In the following are excerpts from a workshop around the national question that was facilitated by Luwezi Kinshasa, Chairman of the African People’s Socialist Party-UK and the Secretary General of the African Socialist International and Omali Yeshitela, Chairman of the African People’s Socialist Party-USA and the African Socialist International. It was held during the 2006 Conference to Build the African Socialist International, which was held in London, England.

It should of particular interest because it openly takes to task the most widely accepted “scientific” analysis of just what a nation is, Joseph Stalin’s Marxism and the National Question. Stalin’s work on this topic forms the basis of the Marxist-Leninist, Maoist and other anti-revisionist trend’s stance towards national liberation, especially what group are considered able to have self-determination. Even many a Trotskyist has admitted to me over the years (in private conversation of course!) that they have a begrudging respect for Stalin on this point.

It’s safe to say though that for we Yeshitelaists (African Internationalists) have a somewhat different appraisal of Stalin’s work, and its applications, than the Marxist-Leninists, Maoists or other Marxian revolutionaries.

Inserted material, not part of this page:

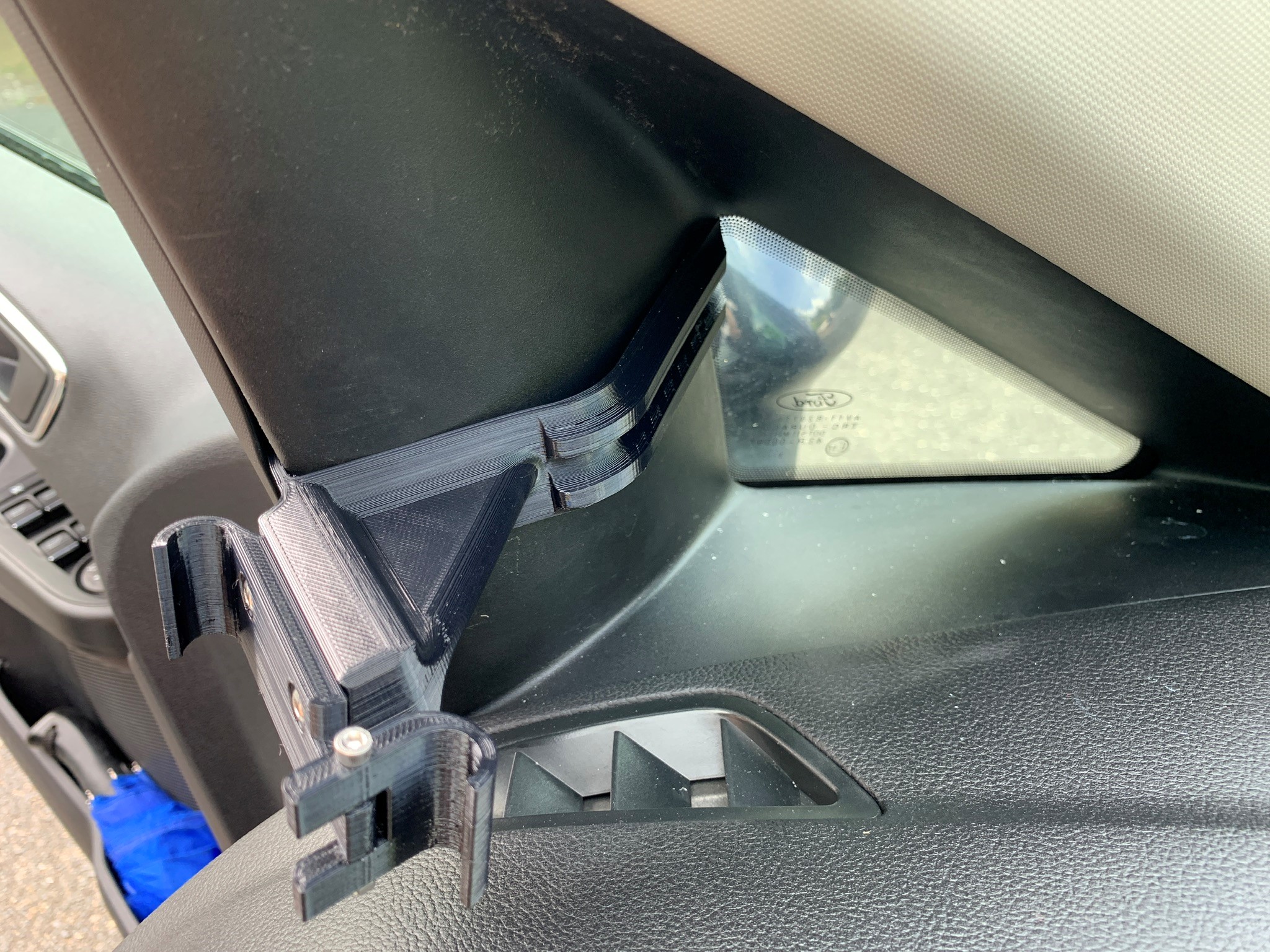 This is a Ford B-Max phone mount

In this discussion comrade Chairmen Luwezi and Omali examine how it was that Stalin was attempting to solve an issue that was a serious problem for the European socialist movement, and was attempting to give an materialist, scientific analysis of the question. However what they also bring to light is the fundamentally Eurocentric nature of Stalin’s definition of a nation and nation formation. They also note that despite the supposed Marxist commitment to the investigative tools of dialectical and historical materialism Stalin’s work on the national question is actually profoundly undialectical. As such, because of its Eurocentrism, it is a problematic document to apply to the struggle for nation formation and national liberation of peoples who have historically suffered under the boot of European colonialism and imperialism.

Finally, I post this piece partially in response to the growing interest among Maoist formations in Canada in Native self-determination, up to and including independence from the settler entity of Canada. While it should be commended that these primarily settler leftist formations are finally coming around to a serious discussion and stance on the Native liberation question (they still have a long way to go though), they are still largely informed and dependent on Stalin’s work on the national question.

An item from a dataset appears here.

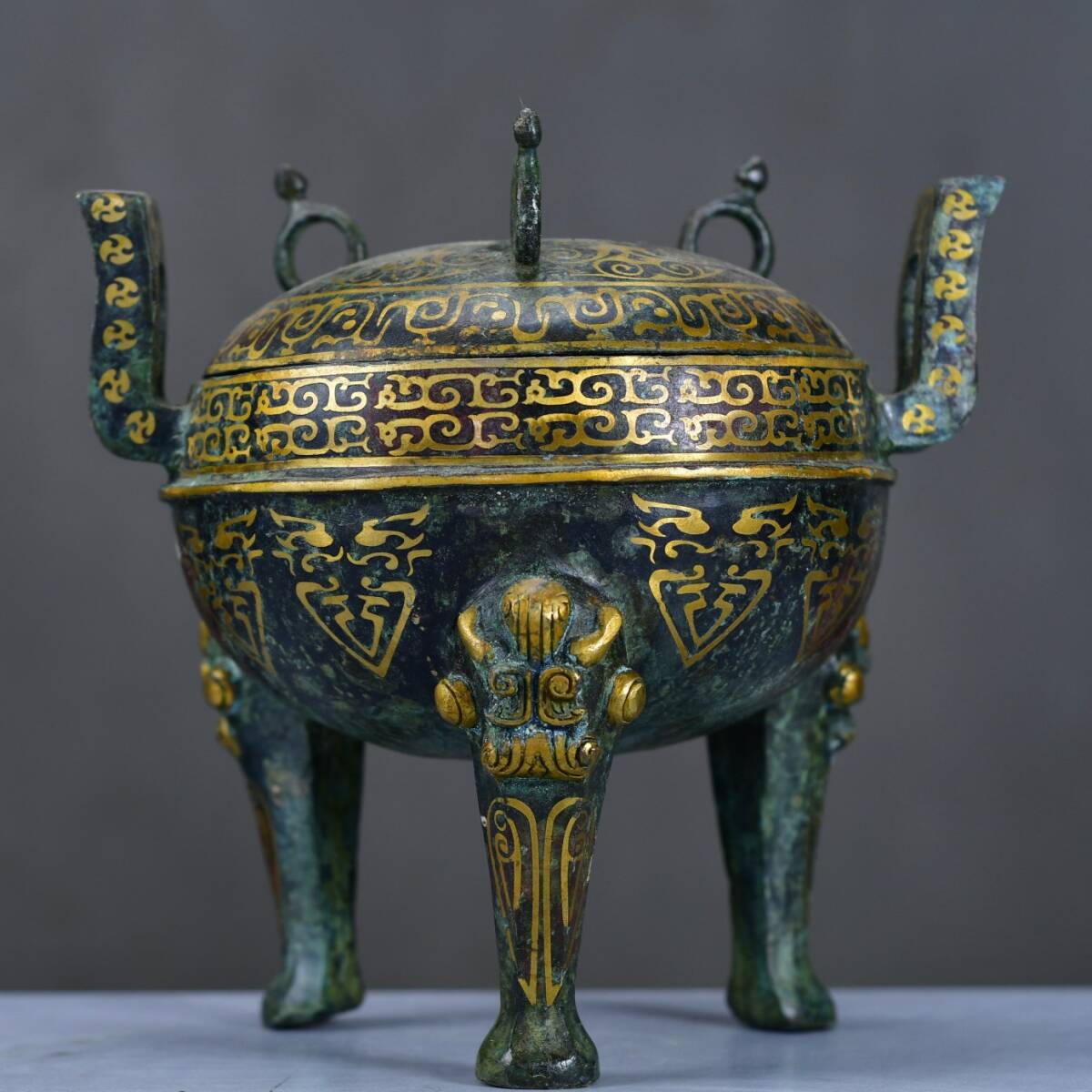 館蔵 漢代 青銅器 錯金 三足鼎 古董品 時代物 賞物 貴重 稀少珍品 中国古美術 古美味 蔵出拍卖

Case in point: the Marxist-Leninist Mao Zedong Thought organization Revolutionary Initiative has recently begun forming a reading series titled The Indigenous Question in Canada. Other issues with the list being put aside for a moment, its notable that the list has as its very first reading none other than Stalin’s M&NQ.

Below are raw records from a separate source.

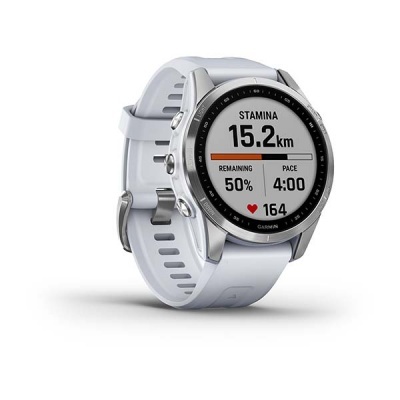 Relógio inteligente Garmin com bracelete branca e ecrã a mostrar dados de corrida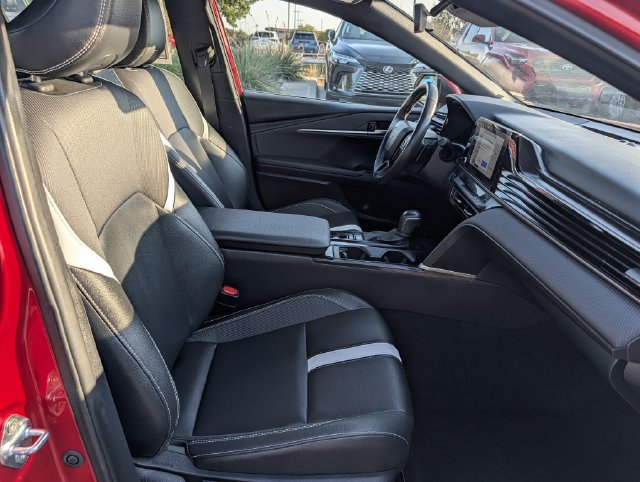 Used 2025 Toyota Camry SE FWD image 31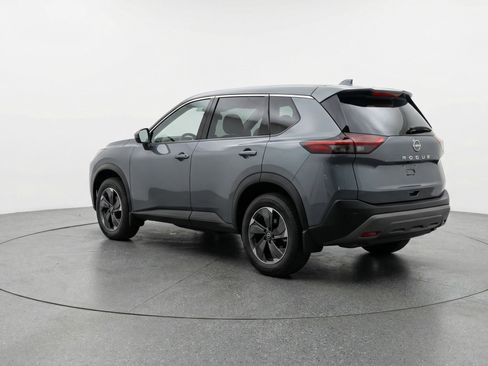 Used 2025 Nissan Rogue SV image 6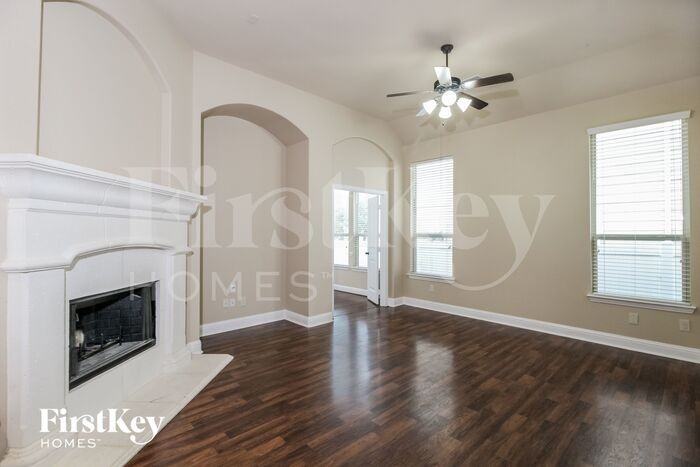1141 Hayden Ln - Photo 3 of 15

So it is largely in reply to this discussion and trend of thought that I post Chairmen Omali and Luwezi’s contributions.

Luwezi Kinshasa:

We feel in the African People’s Socialist Party that it is important that we discuss this issue of the national question. Most of the understanding many of our people would have about the question of the nation is an understanding coming from the leaders of the communist movement at the Third International that were defined by people like Stalin.

We want to bring some elements to that discussion in a fashion that would facilitate the growth of African consciousness throughout the African world. Then we can begin to fight for “One Africa, One Nation” wherever we are as opposed to what we see across Africa and the African world where people see themselves as Ghanaians or Zambians or Kenyans.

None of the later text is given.